While it is still early days, there are signs that the Global-E is doing the right things. On one end, its gross merchandise value (GMV) expanded rapidly from zero in 2014 to $774 million in 2020, indicating that its merchants were growing their business nicely. GMV rose by 86% to $352 million in the third quarter of 2021. On top of that, merchant count grew from 283 in 2019 to 442 in 2020, and net dollar retention rate rose 172% in 2020 -- in other words, merchants are spending more money with Global-E over time.
The rapid rise in GMV, in turn, contributed to the surge in revenue -- revenue more than tripled from $39 million in 2018 to $136 million in 2020. As Global-E charges its merchants a percentage of GMV as fees, a growth in GMV will lead to a higher income. Of the $136 million in revenue in 2020, 37% is related to platform fees, while the remaining 63% falls under fulfillment services.
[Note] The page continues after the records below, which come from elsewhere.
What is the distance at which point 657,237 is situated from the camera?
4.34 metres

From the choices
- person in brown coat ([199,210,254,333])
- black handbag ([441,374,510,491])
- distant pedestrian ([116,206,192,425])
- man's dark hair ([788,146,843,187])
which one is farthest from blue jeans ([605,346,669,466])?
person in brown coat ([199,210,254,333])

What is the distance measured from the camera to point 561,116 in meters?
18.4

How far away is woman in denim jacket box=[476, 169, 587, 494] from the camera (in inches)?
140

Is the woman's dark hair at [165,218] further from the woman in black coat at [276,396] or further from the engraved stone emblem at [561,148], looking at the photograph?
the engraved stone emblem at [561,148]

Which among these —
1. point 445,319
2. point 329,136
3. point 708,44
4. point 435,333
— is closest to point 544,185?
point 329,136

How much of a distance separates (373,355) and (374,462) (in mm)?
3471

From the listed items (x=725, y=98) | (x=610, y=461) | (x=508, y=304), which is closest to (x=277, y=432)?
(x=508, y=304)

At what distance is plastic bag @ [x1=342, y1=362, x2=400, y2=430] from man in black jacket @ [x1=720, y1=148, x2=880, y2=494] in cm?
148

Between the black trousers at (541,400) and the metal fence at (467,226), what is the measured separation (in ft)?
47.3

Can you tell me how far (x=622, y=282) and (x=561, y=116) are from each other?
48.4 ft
A look into the future of Global-E
After more than tripling its revenue between 2018 and 2020, Global-E continued its strong performance -- revenue grew by 77% to $59 million in the third quarter of 2021. Though impressive, these numbers touch just the tip of the iceberg.
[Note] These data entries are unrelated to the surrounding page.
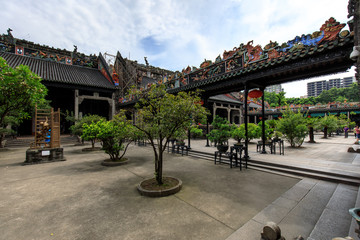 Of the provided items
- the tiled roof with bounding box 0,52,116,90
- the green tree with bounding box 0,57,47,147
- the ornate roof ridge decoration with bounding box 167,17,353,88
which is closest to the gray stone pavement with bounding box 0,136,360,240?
the green tree with bounding box 0,57,47,147

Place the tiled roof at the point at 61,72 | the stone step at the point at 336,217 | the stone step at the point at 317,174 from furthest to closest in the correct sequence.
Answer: the tiled roof at the point at 61,72, the stone step at the point at 317,174, the stone step at the point at 336,217

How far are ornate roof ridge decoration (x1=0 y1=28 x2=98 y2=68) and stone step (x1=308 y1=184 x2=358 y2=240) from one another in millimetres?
26247

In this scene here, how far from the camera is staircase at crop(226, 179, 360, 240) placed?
7.78 feet

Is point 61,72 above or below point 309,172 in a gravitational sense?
above

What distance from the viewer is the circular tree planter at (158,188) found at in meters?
3.80

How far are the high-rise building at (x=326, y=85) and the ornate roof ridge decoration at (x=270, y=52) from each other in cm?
12728

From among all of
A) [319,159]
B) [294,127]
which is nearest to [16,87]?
[319,159]

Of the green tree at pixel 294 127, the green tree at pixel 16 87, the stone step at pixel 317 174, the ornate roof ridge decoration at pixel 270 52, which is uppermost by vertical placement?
the ornate roof ridge decoration at pixel 270 52

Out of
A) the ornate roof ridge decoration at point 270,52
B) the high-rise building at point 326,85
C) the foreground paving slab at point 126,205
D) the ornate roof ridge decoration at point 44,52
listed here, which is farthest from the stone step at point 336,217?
the high-rise building at point 326,85

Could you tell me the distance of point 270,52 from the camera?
19.9 feet

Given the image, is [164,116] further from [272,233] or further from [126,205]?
[272,233]

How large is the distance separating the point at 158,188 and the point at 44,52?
24.3m

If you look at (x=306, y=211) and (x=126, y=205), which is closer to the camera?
(x=306, y=211)

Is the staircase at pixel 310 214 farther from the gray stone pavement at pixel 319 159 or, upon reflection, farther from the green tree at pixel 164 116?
the green tree at pixel 164 116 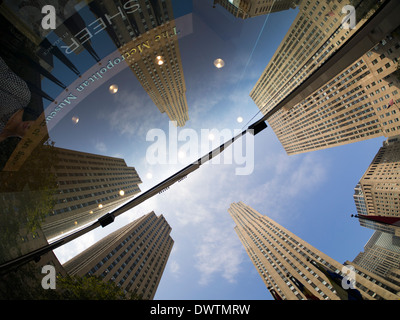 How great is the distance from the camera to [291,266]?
71250 mm

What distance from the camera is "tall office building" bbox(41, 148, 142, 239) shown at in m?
40.3

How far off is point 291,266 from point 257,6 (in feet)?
288

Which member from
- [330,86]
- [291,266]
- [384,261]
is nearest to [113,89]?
[330,86]

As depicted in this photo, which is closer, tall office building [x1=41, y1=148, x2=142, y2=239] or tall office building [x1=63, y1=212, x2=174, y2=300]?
tall office building [x1=41, y1=148, x2=142, y2=239]

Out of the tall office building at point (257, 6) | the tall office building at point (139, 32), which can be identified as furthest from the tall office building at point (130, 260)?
the tall office building at point (257, 6)

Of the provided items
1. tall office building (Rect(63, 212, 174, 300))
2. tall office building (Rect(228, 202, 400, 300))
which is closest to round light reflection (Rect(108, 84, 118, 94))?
tall office building (Rect(63, 212, 174, 300))

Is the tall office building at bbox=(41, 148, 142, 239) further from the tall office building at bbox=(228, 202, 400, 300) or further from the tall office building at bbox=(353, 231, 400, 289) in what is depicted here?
the tall office building at bbox=(353, 231, 400, 289)

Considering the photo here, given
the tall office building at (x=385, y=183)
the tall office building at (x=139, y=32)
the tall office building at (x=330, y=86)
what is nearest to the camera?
the tall office building at (x=139, y=32)

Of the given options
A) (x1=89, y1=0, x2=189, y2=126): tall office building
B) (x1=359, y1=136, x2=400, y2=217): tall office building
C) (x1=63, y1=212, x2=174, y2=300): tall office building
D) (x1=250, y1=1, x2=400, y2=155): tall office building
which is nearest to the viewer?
(x1=89, y1=0, x2=189, y2=126): tall office building

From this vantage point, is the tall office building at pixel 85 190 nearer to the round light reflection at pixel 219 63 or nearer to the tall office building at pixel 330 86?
the round light reflection at pixel 219 63

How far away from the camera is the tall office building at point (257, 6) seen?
8.08 meters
According to the company's IPO prospectus, the global e-commerce market could reach $5.8 trillion by 2023. Within that, the cross-border e-commerce industry could hit $736 billion. With a GMV of $774 million in 2020, Global-E has barely even covered 1% of this opportunity!
There are many ways Global-E can grow in the coming years. As a start, the company can leverage the growth of existing customers as they grow their business globally. Next, it can acquire new clients from existing markets. To this end, the young company's partnership with Shopify (SHOP 0.60%) comes in handy as it leverages Shopify's existing merchants who plan to expand globally. Doing so not only quickens Global-E's customer acquisition process but also keeps its customer acquisition cost low. Besides adding merchants from existing markets, Global-E can target merchants in new geographies to expand its total addressable market further.
Although Global-E has good prospects, there are still risks that could derail the company from its long-term growth plan. Of course, there is no guarantee that the service provider can execute as it grows in size and complexity. There are enough examples of well-to-do growth companies that fail to keep up to their promise. The young company needs to prove that it can sustain its execution as it scales its business.
Besides, investors are betting on Global-E's partnership with Shopify to propel the former to greater heights. Even though the relationship is highly beneficial today, there is the possibility that Shopify could develop a solution internally that competes against Global-E in the future. After all, Shopify is famous for its innovation and execution capabilities, so investors shouldn't rule this out.
All in all, Global-E is riding on a strong tailwind thanks to the growth of cross-border e-commerce. Still, investors need to consider both the upside and downside before investing in this young company.